A bee swarm is a term for when the bees are not living on honeycomb in a colony but are on the move. They are often found in the form of a mass of bunched up bees on top of each other often hanging from a branch of a tree, but this can also be on the side of a building too. The bees are looking for a desired new colony location where they will make a honeycomb and live for many years. Private bee keepers can help but often not immediately and it can be a massive risk leaving the bees to settle without intervention. They may just end up flying away but they could also end up choosing your chimney or property roof as their new home. If this happens it will be a challenging and costly location to remove them.
Swarming will occur when the old queen will leave an existing bee colony that now has a new queen. Due to overcrowding, she will leave with about half of the bees to construct the new hive. She will look for a new place to settle – often in a cavity of a tree.
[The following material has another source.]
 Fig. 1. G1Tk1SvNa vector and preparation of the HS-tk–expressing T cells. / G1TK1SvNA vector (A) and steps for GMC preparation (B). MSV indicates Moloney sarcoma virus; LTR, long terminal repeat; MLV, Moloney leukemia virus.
The number of bees within a swarm can be a few hundred to thousands consisting of drones and worker bees who provide fertilisation, food and wax to construct the new hive.
If the colony has made its new home within the cavity of a tree a method called trap-out can be attempted but it is not often successful. Trap-out is the process by which the bees access to their colony is limited to just one entrance. They are then lured out with the assistance of a bee box. This process can take a few days and is seldom successful.
In most cases the tree will either have to be cut away – to reveal the bee hive or the area cut down and the trunk/branch removed with the colony intact.